[Stored data entries]
....

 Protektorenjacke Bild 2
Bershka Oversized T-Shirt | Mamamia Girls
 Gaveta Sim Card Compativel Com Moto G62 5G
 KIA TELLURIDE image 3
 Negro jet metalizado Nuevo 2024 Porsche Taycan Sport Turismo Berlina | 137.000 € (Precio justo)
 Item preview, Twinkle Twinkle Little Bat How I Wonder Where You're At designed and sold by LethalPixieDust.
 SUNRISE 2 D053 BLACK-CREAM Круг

....

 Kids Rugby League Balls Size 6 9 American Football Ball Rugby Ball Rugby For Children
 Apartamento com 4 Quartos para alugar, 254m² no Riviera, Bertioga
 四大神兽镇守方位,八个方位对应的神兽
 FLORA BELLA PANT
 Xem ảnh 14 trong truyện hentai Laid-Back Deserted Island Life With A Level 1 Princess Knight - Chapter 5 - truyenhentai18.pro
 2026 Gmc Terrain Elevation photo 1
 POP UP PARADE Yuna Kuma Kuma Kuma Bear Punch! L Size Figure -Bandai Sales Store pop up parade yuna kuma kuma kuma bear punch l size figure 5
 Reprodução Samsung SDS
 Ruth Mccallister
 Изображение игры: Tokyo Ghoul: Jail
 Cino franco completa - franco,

....

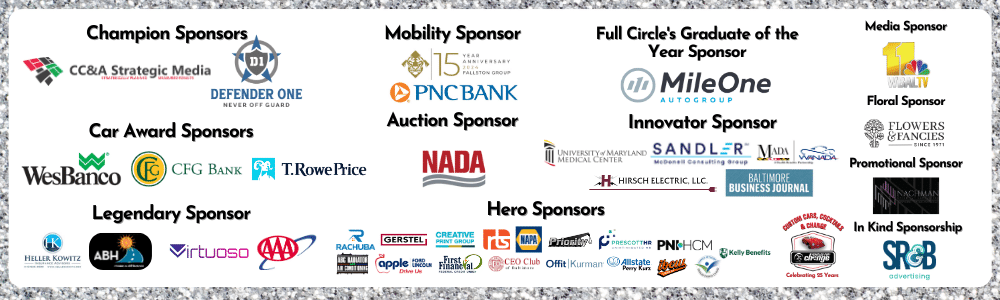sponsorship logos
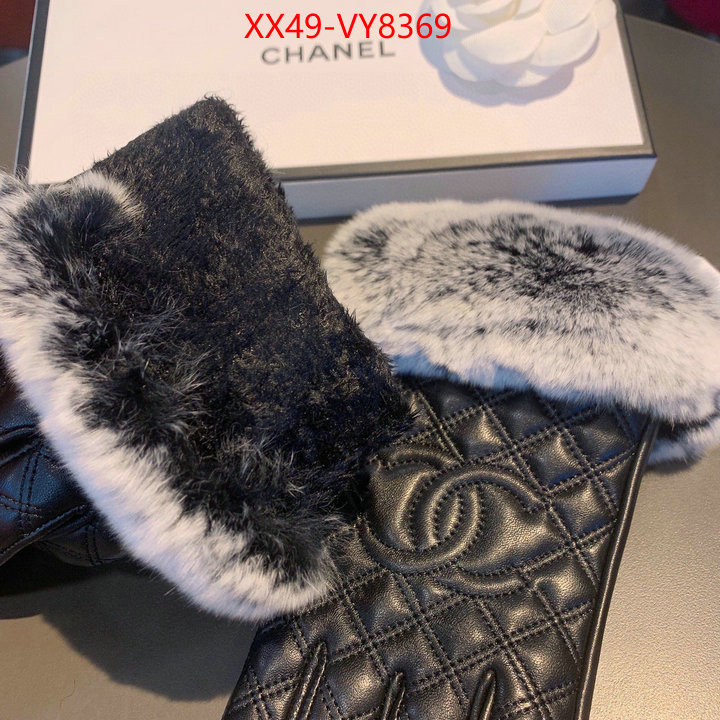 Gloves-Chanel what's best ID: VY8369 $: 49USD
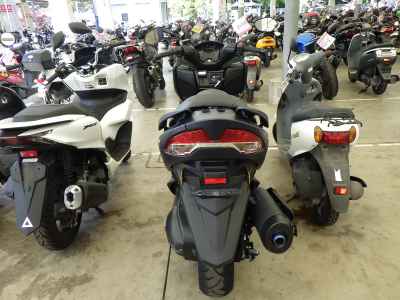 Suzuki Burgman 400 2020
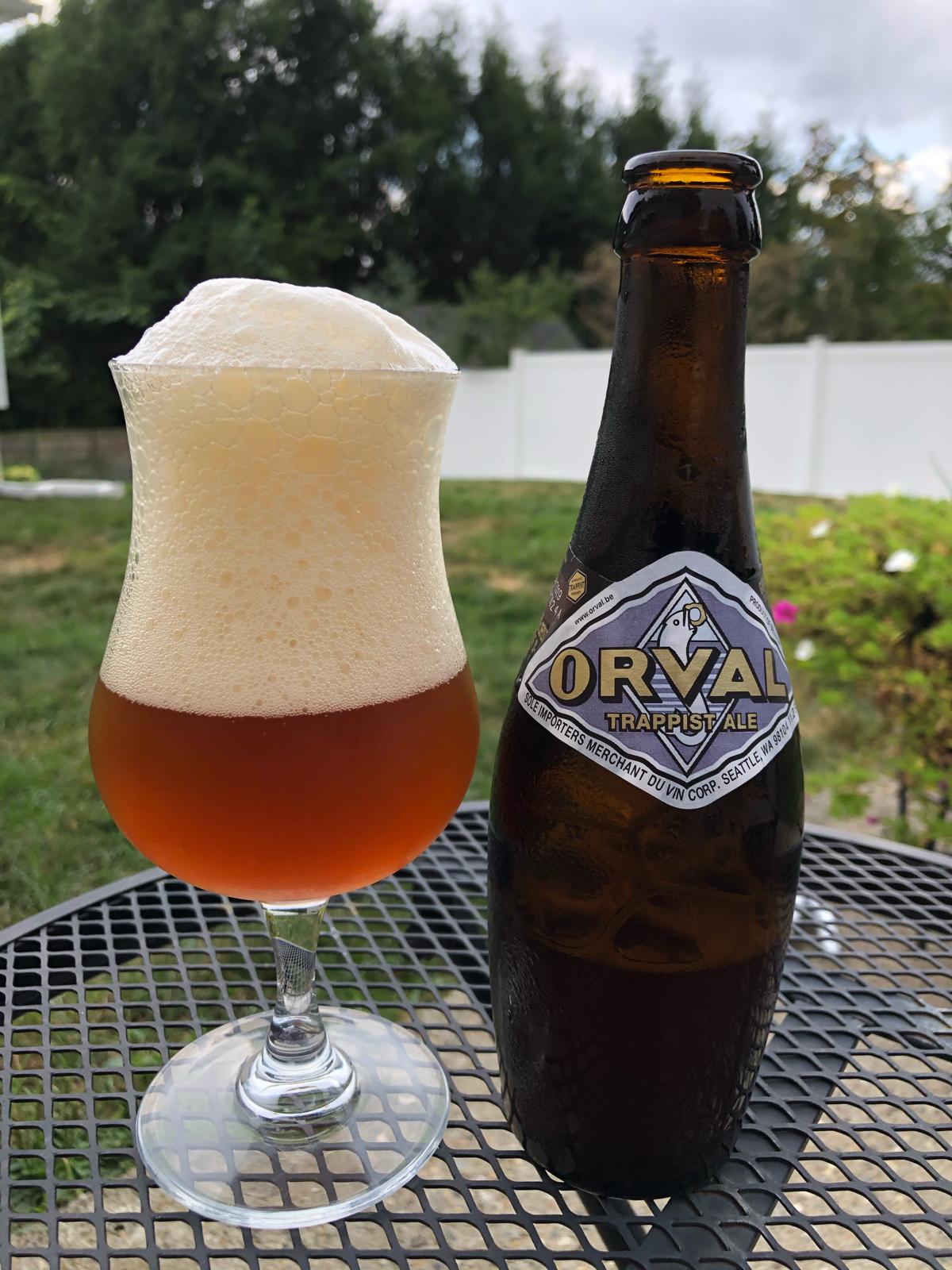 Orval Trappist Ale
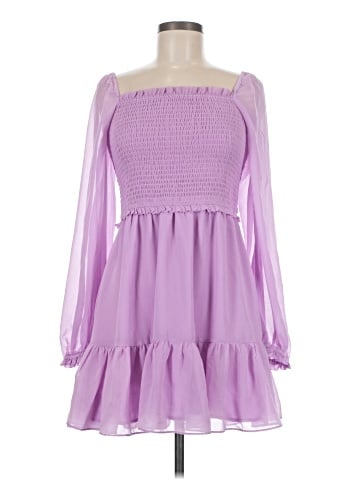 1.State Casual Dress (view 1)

....

■ **What you should do**
All lines above from the one holding "Изображение игры: Tokyo Ghoul: Jail" to the one holding "Cino franco completa", inclusive, are to be copied exactly; no other line is wanted.

■ **Result**
 Изображение игры: Tokyo Ghoul: Jail
 Cino franco completa - franco,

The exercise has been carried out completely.